In the evening, there was a fireworks display on the square in front of the house where the Duke was staying. Peter led Augustus and the new bridegroom through the crowd, personally setting off the rockets. So long did this last that at one o'clock in the morning Eichholtz had to remind his master that his bride had gone to bed three hours earlier. Karl Leopold departed, but even here Eichholtz had to worry. The bridal chamber had been decorated with many lacquered objects, including a lacquered bed. The Duke hated the sharp odor and Eichholtz feared that he would be unable to sleep on it, but the Duke managed, and the next day the newly married pair and the entire wedding party dined with a satisfied and happy Peter. The festivities ended badly, however, when officials in both parties fell to squabbling over the exchange of commemorative gifts. The Duke had made handsome presents to the Russian ministers, but the Mecklenburgers received nothing—"not even a crooked pin." Worse, Tolstoy, who was used to the exchange of fabulous stones in Constantinople, complained that the ring he received was less valuable than those presented to Golovkin and Shafirov. Osterman, a junior diplomat in the Russian party, tried to calm Tolstoy's wrath by giving him also the small ring with which he had been presented, but Tolstoy continued to complain that he had been insulted.
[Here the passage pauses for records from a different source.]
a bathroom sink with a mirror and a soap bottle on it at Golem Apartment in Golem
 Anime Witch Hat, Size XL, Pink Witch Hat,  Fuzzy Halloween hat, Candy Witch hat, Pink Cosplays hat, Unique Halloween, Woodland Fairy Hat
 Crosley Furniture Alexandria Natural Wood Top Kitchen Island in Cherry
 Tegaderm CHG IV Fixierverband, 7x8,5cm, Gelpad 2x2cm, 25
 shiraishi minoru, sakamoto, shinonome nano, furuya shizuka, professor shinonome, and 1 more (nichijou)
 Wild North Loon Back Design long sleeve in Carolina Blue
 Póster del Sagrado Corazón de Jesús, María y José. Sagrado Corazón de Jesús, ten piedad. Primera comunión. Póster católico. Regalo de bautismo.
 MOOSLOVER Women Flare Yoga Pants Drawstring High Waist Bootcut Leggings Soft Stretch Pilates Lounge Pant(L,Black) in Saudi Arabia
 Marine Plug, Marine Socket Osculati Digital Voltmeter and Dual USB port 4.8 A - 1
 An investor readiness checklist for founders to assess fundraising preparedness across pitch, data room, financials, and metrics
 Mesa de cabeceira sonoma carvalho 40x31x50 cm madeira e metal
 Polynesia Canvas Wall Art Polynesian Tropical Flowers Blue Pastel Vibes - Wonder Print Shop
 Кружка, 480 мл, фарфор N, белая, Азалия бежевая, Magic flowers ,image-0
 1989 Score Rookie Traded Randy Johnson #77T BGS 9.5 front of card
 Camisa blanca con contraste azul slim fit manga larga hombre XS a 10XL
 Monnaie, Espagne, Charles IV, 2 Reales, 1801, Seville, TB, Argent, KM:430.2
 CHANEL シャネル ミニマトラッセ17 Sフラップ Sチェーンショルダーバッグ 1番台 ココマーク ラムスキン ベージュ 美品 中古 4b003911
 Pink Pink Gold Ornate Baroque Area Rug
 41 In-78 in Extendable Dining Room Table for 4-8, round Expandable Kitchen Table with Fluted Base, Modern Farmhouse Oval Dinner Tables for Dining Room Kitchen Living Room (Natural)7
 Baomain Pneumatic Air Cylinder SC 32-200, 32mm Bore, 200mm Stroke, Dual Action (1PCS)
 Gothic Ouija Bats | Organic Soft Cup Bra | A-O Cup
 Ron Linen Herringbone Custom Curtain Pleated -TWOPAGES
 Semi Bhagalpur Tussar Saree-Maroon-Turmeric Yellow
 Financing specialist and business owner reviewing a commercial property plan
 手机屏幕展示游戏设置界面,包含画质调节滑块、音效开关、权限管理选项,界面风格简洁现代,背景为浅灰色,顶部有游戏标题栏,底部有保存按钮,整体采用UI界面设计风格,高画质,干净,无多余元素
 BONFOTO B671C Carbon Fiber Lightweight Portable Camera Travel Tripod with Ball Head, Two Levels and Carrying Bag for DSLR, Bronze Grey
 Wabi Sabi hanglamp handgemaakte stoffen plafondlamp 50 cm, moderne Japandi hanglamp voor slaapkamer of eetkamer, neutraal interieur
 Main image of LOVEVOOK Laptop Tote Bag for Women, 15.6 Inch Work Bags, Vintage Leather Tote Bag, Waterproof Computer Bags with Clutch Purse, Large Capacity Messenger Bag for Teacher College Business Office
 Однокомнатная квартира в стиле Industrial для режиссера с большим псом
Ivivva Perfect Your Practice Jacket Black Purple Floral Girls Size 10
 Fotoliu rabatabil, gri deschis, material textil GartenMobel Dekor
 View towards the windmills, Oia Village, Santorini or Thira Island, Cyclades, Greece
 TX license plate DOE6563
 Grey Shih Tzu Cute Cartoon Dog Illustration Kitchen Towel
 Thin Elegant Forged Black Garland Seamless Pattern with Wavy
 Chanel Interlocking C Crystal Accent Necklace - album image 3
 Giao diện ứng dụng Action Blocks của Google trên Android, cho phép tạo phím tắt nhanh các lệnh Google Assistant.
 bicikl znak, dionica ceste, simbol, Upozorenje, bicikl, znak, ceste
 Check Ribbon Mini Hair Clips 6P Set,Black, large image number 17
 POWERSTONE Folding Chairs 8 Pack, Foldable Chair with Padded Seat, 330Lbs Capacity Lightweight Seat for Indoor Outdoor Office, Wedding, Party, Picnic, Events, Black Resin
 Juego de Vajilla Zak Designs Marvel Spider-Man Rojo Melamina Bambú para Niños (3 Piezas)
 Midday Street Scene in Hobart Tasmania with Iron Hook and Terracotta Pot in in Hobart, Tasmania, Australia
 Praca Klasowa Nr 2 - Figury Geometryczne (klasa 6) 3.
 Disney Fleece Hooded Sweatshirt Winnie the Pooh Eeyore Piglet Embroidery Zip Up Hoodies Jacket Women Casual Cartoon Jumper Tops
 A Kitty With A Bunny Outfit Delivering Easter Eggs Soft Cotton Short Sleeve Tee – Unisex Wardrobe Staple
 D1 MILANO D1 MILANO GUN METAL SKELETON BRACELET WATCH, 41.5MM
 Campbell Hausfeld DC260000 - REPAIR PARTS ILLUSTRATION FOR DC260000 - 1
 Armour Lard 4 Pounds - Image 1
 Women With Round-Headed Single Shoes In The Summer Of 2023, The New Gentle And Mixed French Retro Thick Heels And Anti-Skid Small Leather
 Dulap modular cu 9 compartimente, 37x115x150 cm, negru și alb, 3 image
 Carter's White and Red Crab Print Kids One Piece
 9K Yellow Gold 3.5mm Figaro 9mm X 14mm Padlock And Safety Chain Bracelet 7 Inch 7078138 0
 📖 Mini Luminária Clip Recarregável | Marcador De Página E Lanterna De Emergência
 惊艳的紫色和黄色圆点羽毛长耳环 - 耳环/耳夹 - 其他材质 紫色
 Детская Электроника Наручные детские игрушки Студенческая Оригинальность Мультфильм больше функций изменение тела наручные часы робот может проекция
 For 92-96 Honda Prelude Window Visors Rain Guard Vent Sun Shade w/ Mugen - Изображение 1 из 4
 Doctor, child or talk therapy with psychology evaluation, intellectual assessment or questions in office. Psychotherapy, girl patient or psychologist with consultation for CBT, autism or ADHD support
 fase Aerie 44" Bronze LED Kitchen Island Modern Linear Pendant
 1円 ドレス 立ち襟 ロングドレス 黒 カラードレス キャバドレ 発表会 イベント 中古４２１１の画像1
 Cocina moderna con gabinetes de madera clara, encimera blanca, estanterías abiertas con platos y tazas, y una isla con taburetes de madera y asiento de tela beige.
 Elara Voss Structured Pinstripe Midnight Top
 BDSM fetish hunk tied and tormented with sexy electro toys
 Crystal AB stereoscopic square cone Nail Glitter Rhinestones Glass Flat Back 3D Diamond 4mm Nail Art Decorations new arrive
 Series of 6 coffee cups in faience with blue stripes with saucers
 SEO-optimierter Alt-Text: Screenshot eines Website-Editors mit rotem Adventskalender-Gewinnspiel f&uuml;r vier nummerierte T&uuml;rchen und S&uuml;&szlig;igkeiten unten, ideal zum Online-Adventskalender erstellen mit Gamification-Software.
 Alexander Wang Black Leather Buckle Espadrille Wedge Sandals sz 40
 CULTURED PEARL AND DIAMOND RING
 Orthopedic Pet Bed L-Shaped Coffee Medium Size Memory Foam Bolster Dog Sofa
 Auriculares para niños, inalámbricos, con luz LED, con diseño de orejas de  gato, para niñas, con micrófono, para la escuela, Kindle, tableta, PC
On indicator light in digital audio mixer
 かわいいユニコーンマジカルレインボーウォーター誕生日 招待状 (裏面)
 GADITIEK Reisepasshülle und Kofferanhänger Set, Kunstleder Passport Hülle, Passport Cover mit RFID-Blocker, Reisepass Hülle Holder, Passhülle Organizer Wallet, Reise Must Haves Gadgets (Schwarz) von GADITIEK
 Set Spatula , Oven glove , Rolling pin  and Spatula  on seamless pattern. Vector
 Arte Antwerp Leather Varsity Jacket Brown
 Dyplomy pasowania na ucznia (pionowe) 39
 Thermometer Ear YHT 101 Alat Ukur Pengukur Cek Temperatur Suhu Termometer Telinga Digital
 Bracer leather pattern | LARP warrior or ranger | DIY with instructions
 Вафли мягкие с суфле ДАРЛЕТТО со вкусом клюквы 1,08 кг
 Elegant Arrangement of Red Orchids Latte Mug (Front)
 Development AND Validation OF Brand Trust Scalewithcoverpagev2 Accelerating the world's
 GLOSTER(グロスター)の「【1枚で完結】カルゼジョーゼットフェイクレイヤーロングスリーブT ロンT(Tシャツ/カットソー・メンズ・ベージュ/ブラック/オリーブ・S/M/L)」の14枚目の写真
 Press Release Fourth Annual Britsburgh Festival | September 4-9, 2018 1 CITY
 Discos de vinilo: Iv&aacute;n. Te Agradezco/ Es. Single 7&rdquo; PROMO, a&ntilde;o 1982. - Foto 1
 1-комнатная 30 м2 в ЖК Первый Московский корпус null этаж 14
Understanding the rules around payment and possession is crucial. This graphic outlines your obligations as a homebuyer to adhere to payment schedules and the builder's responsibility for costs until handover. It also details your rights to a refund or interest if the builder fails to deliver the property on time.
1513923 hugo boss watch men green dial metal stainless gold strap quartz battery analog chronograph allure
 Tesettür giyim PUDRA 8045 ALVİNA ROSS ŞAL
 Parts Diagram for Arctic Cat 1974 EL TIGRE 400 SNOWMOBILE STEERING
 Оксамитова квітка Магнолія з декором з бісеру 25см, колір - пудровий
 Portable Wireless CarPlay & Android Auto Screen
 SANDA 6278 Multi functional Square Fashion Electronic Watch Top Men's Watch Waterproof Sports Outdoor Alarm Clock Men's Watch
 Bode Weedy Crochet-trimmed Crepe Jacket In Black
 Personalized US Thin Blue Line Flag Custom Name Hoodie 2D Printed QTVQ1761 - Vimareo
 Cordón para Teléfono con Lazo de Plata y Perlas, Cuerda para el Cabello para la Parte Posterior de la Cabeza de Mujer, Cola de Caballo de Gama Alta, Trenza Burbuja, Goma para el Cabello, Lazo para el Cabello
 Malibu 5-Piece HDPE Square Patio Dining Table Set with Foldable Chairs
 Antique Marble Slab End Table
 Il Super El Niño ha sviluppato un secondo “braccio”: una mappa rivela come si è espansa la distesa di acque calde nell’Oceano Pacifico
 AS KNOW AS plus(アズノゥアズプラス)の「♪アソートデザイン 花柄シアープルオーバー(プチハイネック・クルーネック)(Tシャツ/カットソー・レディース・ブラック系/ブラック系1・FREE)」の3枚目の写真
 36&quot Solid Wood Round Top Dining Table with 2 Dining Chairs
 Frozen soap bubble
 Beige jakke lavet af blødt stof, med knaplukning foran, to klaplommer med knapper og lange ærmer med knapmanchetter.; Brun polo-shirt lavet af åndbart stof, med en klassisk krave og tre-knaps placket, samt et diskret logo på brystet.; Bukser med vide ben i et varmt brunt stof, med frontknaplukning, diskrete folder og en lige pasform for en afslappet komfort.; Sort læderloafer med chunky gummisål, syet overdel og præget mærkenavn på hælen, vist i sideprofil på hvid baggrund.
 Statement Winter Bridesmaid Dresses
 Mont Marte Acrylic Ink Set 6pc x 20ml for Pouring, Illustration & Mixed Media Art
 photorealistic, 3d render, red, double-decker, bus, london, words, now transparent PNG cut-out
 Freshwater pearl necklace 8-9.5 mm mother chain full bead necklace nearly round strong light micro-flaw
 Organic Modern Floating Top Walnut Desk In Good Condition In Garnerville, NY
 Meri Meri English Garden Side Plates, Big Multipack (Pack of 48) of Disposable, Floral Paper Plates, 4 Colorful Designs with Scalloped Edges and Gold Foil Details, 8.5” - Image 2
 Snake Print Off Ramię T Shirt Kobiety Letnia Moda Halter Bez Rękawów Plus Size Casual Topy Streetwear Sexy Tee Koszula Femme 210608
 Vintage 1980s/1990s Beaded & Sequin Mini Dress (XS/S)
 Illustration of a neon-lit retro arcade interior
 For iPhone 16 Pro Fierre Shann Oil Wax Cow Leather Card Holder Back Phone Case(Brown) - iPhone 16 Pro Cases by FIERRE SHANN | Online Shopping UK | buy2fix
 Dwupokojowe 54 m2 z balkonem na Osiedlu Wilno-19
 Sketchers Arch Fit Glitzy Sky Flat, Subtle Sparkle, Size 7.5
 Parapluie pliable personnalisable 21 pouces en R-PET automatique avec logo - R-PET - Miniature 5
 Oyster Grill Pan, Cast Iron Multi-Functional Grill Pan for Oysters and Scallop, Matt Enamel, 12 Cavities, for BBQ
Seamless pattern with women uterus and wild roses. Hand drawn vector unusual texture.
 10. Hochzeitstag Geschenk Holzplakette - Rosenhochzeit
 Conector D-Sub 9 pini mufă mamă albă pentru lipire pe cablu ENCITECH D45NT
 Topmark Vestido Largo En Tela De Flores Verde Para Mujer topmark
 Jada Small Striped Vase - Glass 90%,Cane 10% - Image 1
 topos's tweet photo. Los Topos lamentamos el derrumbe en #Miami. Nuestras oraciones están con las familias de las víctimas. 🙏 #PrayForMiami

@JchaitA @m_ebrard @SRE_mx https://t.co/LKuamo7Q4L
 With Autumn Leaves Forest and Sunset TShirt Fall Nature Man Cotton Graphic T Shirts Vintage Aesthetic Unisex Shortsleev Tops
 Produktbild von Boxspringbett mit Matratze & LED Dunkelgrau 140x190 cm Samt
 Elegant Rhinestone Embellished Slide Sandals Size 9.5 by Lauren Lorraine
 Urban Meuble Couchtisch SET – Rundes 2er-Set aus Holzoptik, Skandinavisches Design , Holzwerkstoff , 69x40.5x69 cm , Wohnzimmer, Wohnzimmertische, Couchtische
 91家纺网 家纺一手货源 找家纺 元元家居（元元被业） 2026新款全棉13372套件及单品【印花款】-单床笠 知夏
To Peter's chagrin, the marriage caused grave complications with his North German allies, especially Hanover, which, with Prussia, had joined Russia, Denmark and Poland against Sweden. The common motive of these new allies was to expel Charles XII from the continent and to pick up and distribute among themselves the pieces of former Swedish territory inside the Holy Roman Empire. Increasingly, however, they began to realize that the destruction and disappearance of Swedish power was being accompanied by the rise of a new and greater power, that of the Russian Tsar. Until the Meckleburg marriage, the suspicions of the North German princes remained beneath the surface. In July 1715, the Danish and Prussian troops besieging Stralsund had even asked for Russian help. Sheremetev's army lay in western Poland and could easily have marched, but Prince Gregory Dolgoruky, the experienced Russian ambassador in Warsaw, feared that the situation in Poland was still too volatile and insisted that Sheremetev stay where he was. Accordingly, Stralsund fell without the participation of a single Russian soldier. When he heard the news, Peter was furious at Dolgoruky: "I am truly astonished that you have gone out of your mind in your old age and have let yourself be carried away by these constant tricksters and so have held these troops in Poland."